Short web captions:
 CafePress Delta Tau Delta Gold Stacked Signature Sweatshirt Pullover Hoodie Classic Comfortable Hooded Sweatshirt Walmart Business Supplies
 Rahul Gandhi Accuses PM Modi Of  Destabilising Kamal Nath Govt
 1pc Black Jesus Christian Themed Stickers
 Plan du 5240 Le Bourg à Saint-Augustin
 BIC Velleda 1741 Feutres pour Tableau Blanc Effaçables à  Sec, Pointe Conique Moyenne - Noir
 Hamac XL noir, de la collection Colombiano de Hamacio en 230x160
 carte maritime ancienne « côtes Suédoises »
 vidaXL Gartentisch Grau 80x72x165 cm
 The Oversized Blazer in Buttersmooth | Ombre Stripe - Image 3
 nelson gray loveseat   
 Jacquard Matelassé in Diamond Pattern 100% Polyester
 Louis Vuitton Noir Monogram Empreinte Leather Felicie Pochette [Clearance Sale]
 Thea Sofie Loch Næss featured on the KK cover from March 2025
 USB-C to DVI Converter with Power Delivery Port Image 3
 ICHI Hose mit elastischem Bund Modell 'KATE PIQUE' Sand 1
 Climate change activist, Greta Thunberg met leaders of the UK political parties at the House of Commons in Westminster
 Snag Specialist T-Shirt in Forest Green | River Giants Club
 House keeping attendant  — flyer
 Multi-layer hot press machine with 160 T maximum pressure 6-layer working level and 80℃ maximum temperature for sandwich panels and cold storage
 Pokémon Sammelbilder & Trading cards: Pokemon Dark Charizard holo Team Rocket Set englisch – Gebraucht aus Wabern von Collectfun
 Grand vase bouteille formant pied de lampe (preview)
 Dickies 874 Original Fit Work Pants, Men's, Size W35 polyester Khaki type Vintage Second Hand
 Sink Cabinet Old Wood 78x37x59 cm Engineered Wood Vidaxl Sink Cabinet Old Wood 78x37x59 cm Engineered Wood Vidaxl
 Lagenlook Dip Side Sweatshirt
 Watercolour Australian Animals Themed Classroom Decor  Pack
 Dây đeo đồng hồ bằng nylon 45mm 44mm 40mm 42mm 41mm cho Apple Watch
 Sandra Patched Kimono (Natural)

## [About this task]
The word "with" appears in some of the lines above. Copy those lines.

## [Result of this task]
 USB-C to DVI Converter with Power Delivery Port Image 3
 Multi-layer hot press machine with 160 T maximum pressure 6-layer working level and 80℃ maximum temperature for sandwich panels and cold storage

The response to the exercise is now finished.